Physicians who wish to use Optical Character Recognition (OCR) technology to convert records into searchable and editable files may do so, provided they retain either the original record or a scanned copy. Originals or scans of documents that have been converted using voice recognition software must also be retained until the retention periods set out in section 4 of this policy have been met.
Electronic systems can facilitate transmission of test results and other documents between health-care providers or facilities. This ability to share information presents significant benefits to physicians and patients. Physicians also have the ability to access and contribute to shared resources and health data.
As health information custodians, physicians have primary accountability for the security of patients’ personal health information. However, physicians have less control over what happens with data stored on external systems. Therefore, when information is shared over a network and is accessed remotely by a physician’s EMR, the physician must assess the risks involved, ensure that the network they use is sufficiently secure, and only exchange the minimum amount of health information necessary in order to provide care while limiting exposure and potential for breaches of privacy. Physicians must also enter into written agreements with service providers who are health information network providers.23
4. Retention, Access and Transfer of Medical Records
Physicians are obligated to retain the original medical record themselves and only transfer copies to others. In some instances, it may be feasible to rely on an external facility or organization to retain records, such as a commercial storage provider, hospital, diagnostic facility, or clinic. In such instances, physicians must ensure that access to records is possible for authorized parties when necessary. Physicians should establish data sharing agreements when relying upon third parties to retain their medical records and may wish to seek legal advice or consult the CMPA for this purpose.24
Retaining Medical Records
The Regulation requires that physicians keep medical records for the following time periods:
- Adult patients: records must be kept for 10 years from the date of the last entry in the record.
- Patients who are children: records must be kept until 10 years after the day on which the patient reached or would have reached the age of 18 years.

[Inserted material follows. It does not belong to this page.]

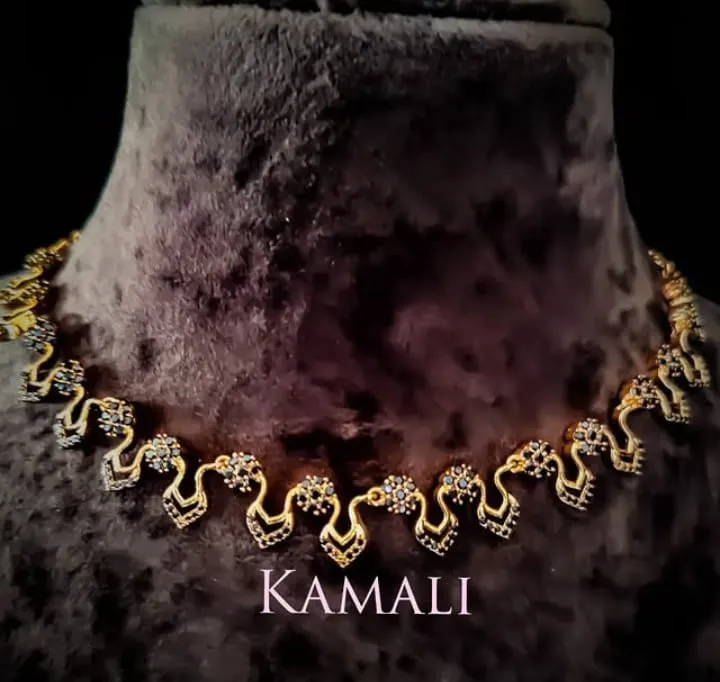 Simple Necklace designs
Kamali Queen Lazuli Colle...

- Physician ceases to practise medicine: records must be retained for the periods outlined above unless:
- complete custody and control of the records has been transferred to another person who is legally authorized to hold them, or
- each patient has been notified that records will be destroyed two years after the notification and that they may obtain the records or have them transferred to another physician within the two years.25
Notwithstanding the above requirements from the Regulation, the College recommends that records be maintained for a minimum of 15 years. This is because of a provision in the Limitations Act which states that some legal proceedings against physicians can be brought 15 years after the act or omission on which the claim is based took place.26 The College makes this recommendation to ensure that physicians will be able to provide evidence should it be required in any future legal proceedings brought against them.
Physicians may also be required to retain records longer than the above time periods when a request for access to personal health information under PHIPA is made before the retention period ends. Where such a request has been made, physicians must retain the personal health information for as long as necessary to allow for an individual to take any recourse that is available to them under PHIPA.27
Patient Access to Records
Patients have a right of access to their personal health information that is in the custody or under the control of a HIC, including any information that has been stamped or indicated as confidential, unless an exception applies.28 Physicians should consult section 52 of PHIPA for a comprehensive list of such exceptions and should seek the guidance of the CMPA or their legal counsel if unsure about how to respond to a request for access.
Physicians cannot refuse to grant a patient access to their records for the purpose of avoiding a legal proceeding.
If a physician has refused a patient access to his or her record, the patient is entitled to make a complaint to the IPC under subsection 54(8) of PHIPA.
Patient Requests Transfer
If a patient requests that a physician transfer his or her records, the transfer should take place in a timely fashion in order to facilitate continuity of care.
In some circumstances it will be more efficient for the transferring physician to prepare a summary of the records rather than to provide a copy of the entire record. This is acceptable to the College as long as it is acceptable to the receiving physician and the patient. The physician is still obligated to retain the original record, in its entirety, for the time period required by the Regulation.
Fees for Transfer
Physicians may charge patients a reasonable fee for making a record of personal health information, or part of it, available. Fees charged must reflect the cost of the materials used, the time required to prepare the material and the direct cost of sending the material to the requesting physician. Fees charged cannot exceed the amounts prescribed by regulation or the amount of “reasonable cost recovery.”29 This requirement applies regardless of whether access is provided directly by a physician or an agent of the physician, such as a record storage company.
While prepayment may be requested, physicians must ensure that their practices adhere to the applicable sections of PHIPA and orders of the IPC. A fee for a transfer of medical records may only be requested after a fee estimate has been provided to the patient30 and when, in the best judgment of the treating physician, the patient’s health and safety will not be put at risk if the records are not transferred until payment is received. Physicians are encouraged to consider the patient’s financial circumstances and ability to pay when determining the appropriate fee.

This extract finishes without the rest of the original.